I cleared the jungle from it and had this photo taken, we had some metric tools with us and ............. well you know 




That night I had a close look at the photo with a magnifying glass and found the wing shapes of Val dive bombers right where we found the two aircraft that afternoon. 
Here's a close-up..........they look u/s to me as does the runway!




During my stay on the island we made a couple of trips into the jungle to hunt for rumoured aircraft but one turned out to be a drop-tank (now cut up and made into cooking pots) and another was a japanese army truck......... a great adventure to an interesting place though.

cheers,

-Flightpath
P.S. 
After I arrived back in Melbourne I visited a friend whose father was in the Australian Army fighting the japanese on New Britain, he asked me if the island still shook every afternoon, I said that it still did, he said that he and his fellow soldiers were more scared of the island blowing up than of the japanese!


----------



## ccheese (Nov 23, 2007)

Flightpath.... I envy you greatly.
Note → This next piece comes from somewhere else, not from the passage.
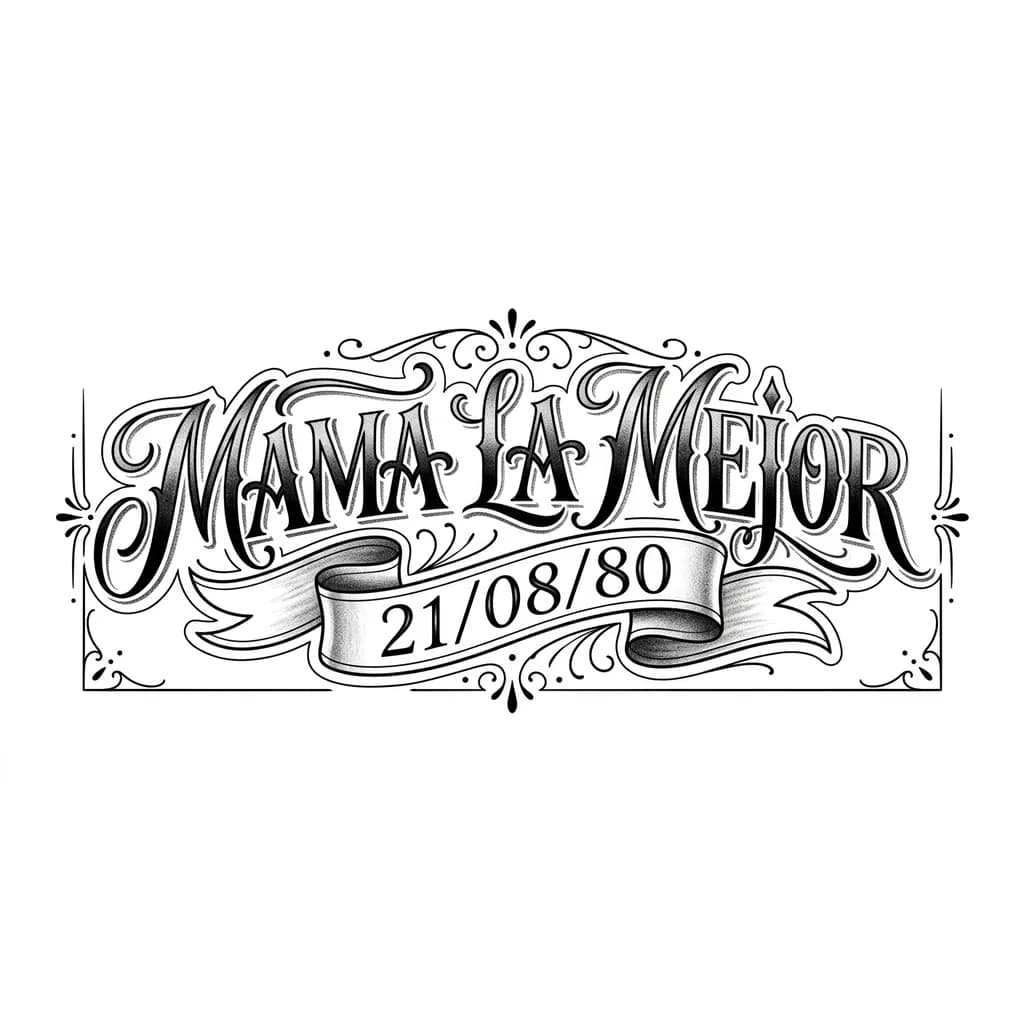 creame un tatuaje en el antebrazo que diga mama la mejor y la fecha de nacimiento que es 21/08/80
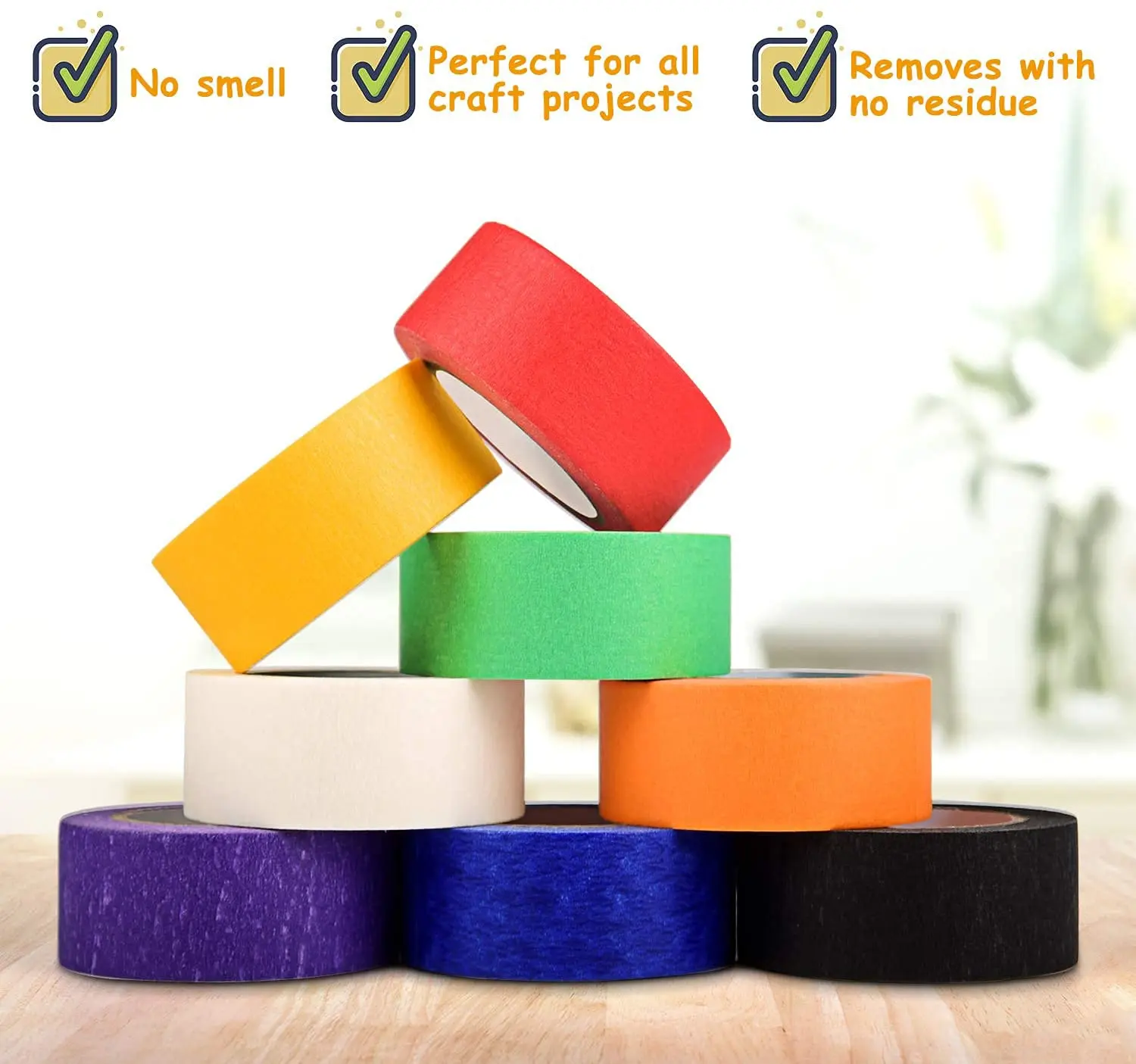 12 of Set Colored Masking Tape,1 Inch x 42.65 Feet of Colorful Craft Tape – Vibrant Colored Painters Tape, Great for Arts Crafts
I got to Okinawa in the middle '60's hoping
to see something. Most of the pillboxes, etc were fenced off and no trespassing signs posted. I couldn't even find a tour to take me to any of the war zones. I was told "too much live ammo laying around" was the reason. Foo....

Charles


----------



## syscom3 (Nov 23, 2007)

Thanks for the pics!!!!

If you have anymore, please post them.


----------



## Flightpath (Nov 23, 2007)

I have been lucky ccheese,

since moveing to Norway I have also been to two RAF crash sites only 1/2 hour from my home.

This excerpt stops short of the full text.